C’est dans cette perspective que la Ligue vaudoise avait lancé, il y a bien longtemps, une campagne sous le slogan «Il faut supprimer le Conseil national». M. Regamey demandait, dans son éditorial de La Nation d’octobre 1931, la suppression pure et simple de l’institution la plus discréditée, la plus nuisible, la plus corrompue de la Confédération, le Conseil national. Comme on sait, il n’a pas obtenu gain de cause.

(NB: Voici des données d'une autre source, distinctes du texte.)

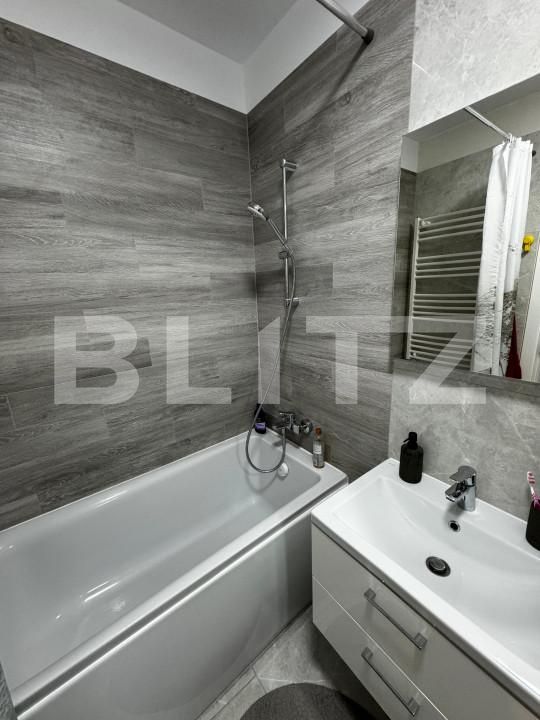 Apartament de vânzare 3 camere Vest - 157014AV | BLITZ Ploieşti | Poza10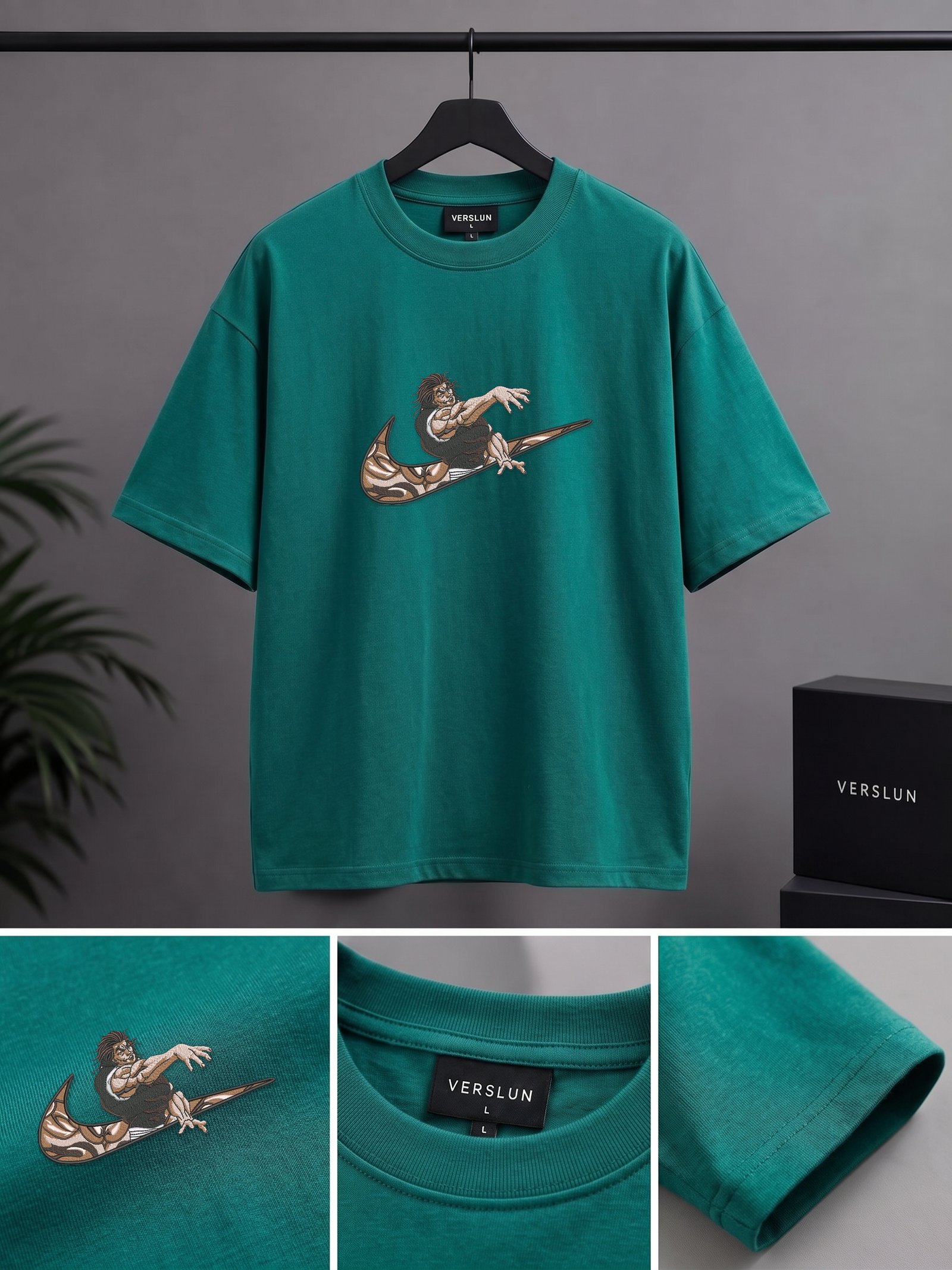 2243 ocean green 2243 ocean green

Il faut d’ailleurs reconnaître que ce Conseil se montre à l’occasion plus respectueux des souverainetés cantonales et des libertés individuelles que le Conseil des Etats.

Mentionnons encore une campagne d’une tout autre envergure, lancée par la Ligue en 1943, avec de nombreuses personnalités cantonales et fédérales, en faveur des «contingents financiers cantonaux». Toujours selon le même principe, il s’agissait de conserver aux cantons l’entière maîtrise de la fiscalité, charge à eux, en tant que membres de l’alliance fédérale, de pourvoir celle-ci des ressources financières nécessaires à l’exécution de ses tâches propres, principalement l’armée et la diplomatie. L’affaire prit de l’ampleur, fut relayée au parlement fédéral par plusieurs députés. Puis, trop contraire à l’esprit du temps, elle s’enlisa dans les marigots fédéraux, déboucha sur une solution de compromis et finit par échouer devant le peuple, le 4 juin 1950.

Une version plus légère du principe s’énonce ainsi: «Les impôts directs aux cantons, les impôts indirects à la Confédération.» Mais il y a toujours de bons motifs pour s’écarter des principes. En 1932, on introduisit l’«impôt de défense nationale», justifié par les nécessités militaires de l’époque. On rassura le contribuable: cet impôt serait limité au temps que dureraient lesdites nécessités. Mais un pouvoir ne lâche jamais un impôt, même provisoire. On continua donc de le percevoir après la fin de la guerre, se contentant de remplacer ultérieurement son nom par celui, plus exact, d’«impôt fédéral direct». Cette sincérité fiscale ne le rend pas moins inacceptable, aujourd’hui encore, pour les fédéralistes.

En 1992, l’Union suisse des arts et métiers lança une initiative «Pour l’abolition de l’impôt fédéral direct». La Ligue vaudoise, qui proposait depuis longtemps de négocier la suppression de l’IFD contre le remplacement de l’impôt sur le chiffre d’affaire (Icha) par la TVA, la soutint. L’initiative aboutit avec pas loin de 108 000 signatures, mais ses auteurs eurent peur de leur audace et retirèrent l’initiative, malgré notre opposition.

La TVA est un impôt indirect qui n’appelle pas de remarque particulière, si ce n’est qu’elle est trop facile à augmenter. Cela dit, nous n’y pouvons rien si les autorités ont cru bon de lier son destin à celui de l’IFD. Mais il ne sera pas dit que la Ligue vaudoise aura voté et fait voter en faveur d’un impôt contredisant les souverainetés cantonales, qui sont sa raison d’être et d’agir.